"Then—I am afraid my visit is something in the nature of an intrusion." Mr. Pixley bowed his fullest acquiescence in this very proper estimate of his position, and the pince-nez intimated that the way out lay just behind him and that the sooner he took advantage of it the better.

"I can only say, by way of apology," added Graeme, "that I was wholly unaware of what you have just told me. I will wish you good-day, Mr. Pixley."

Mr. Pixley and the pince-nez wafted him towards the door, and the lumpy cobbles of the courtyard outside seemed to him, for the moment, absolutely typical of life.

He went back home numbed and sore at heart. It was hard to believe this of Margaret Brandt.

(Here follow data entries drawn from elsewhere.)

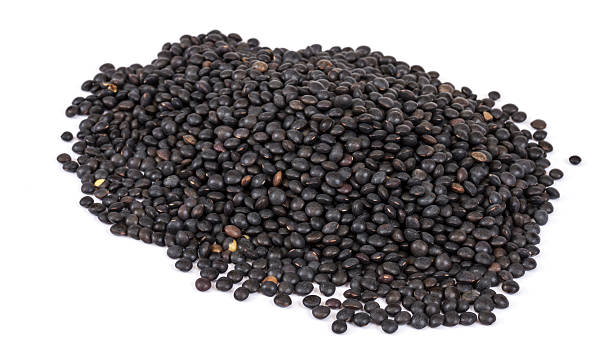 istock Heap of black lentil isolated on white 480874081
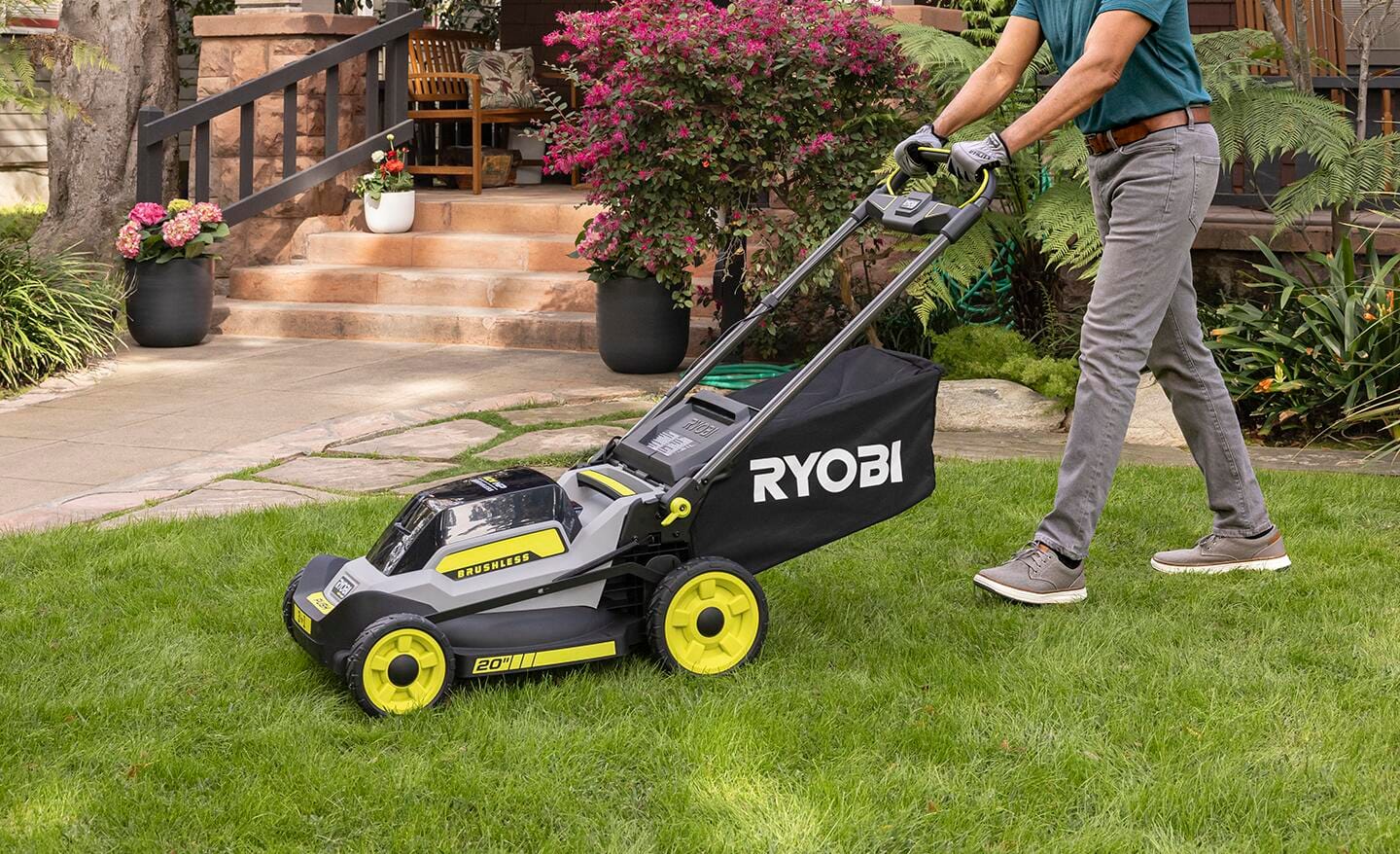 A person mows a lawn with a lawnmower. A person mows a lawn with a lawnmower.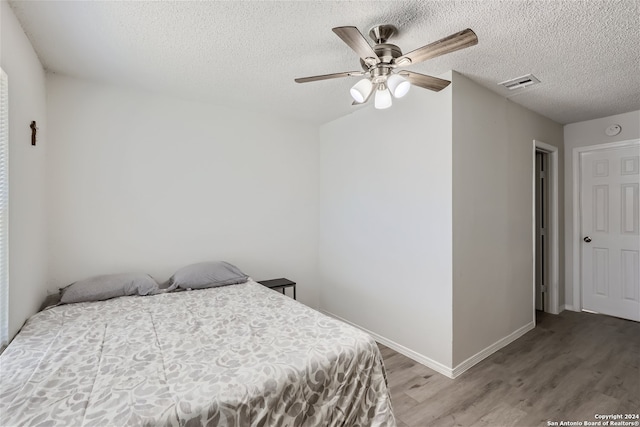 bedroom with ceiling fan, light hardwood / wood-style flooring, and a textured ceiling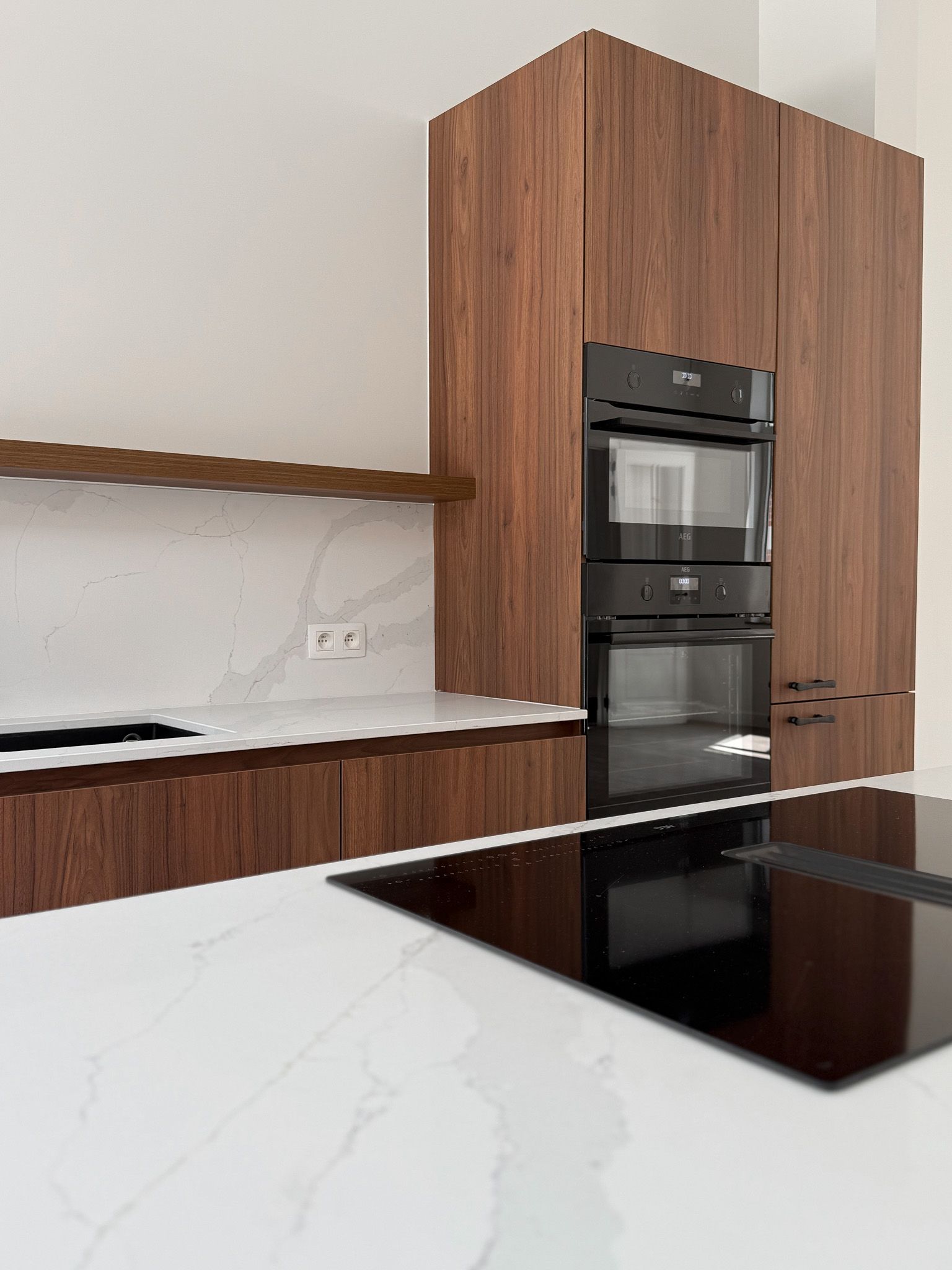 Moderne keuken met houten kasten en ingebouwde zwarte ovens. Wit aanrechtblad en kookplaat.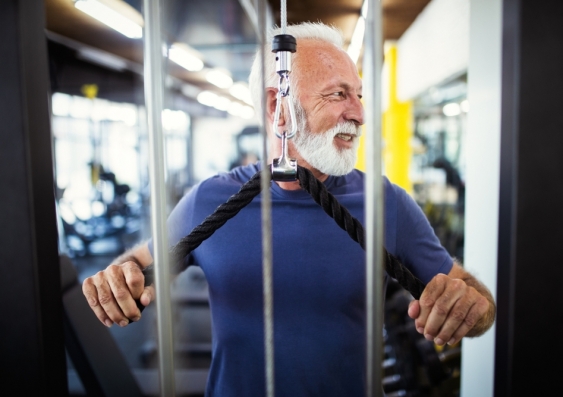 Smiling older man using weight machine at the gym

And yet—he said to himself—it was wholly he who was to blame. He had deceived himself. He had wished to believe what he had so earnestly desired should be. Possibly he had closed his eyes to facts and indications which might have enlightened him if he had been on the look-out for them. Possibly—well, there!—he had played the fool unconsciously, and he was not the first. It only remained for him now to play the man.

He felt sore, and bruised, and run down, and for the moment somewhat at odds with life. He would get away from it all to some remote corner, to rest for a time and recover tone, and then to work. For work, after all, is the mighty healer and tonic, and when it is to one's taste there are few wounds it cannot salve.


PART THE THIRD

I

Six o'clock next morning found Graeme on the deck of the Ibex as she threaded her way swiftly among the bristling black rocks that guard the coast of Guernsey.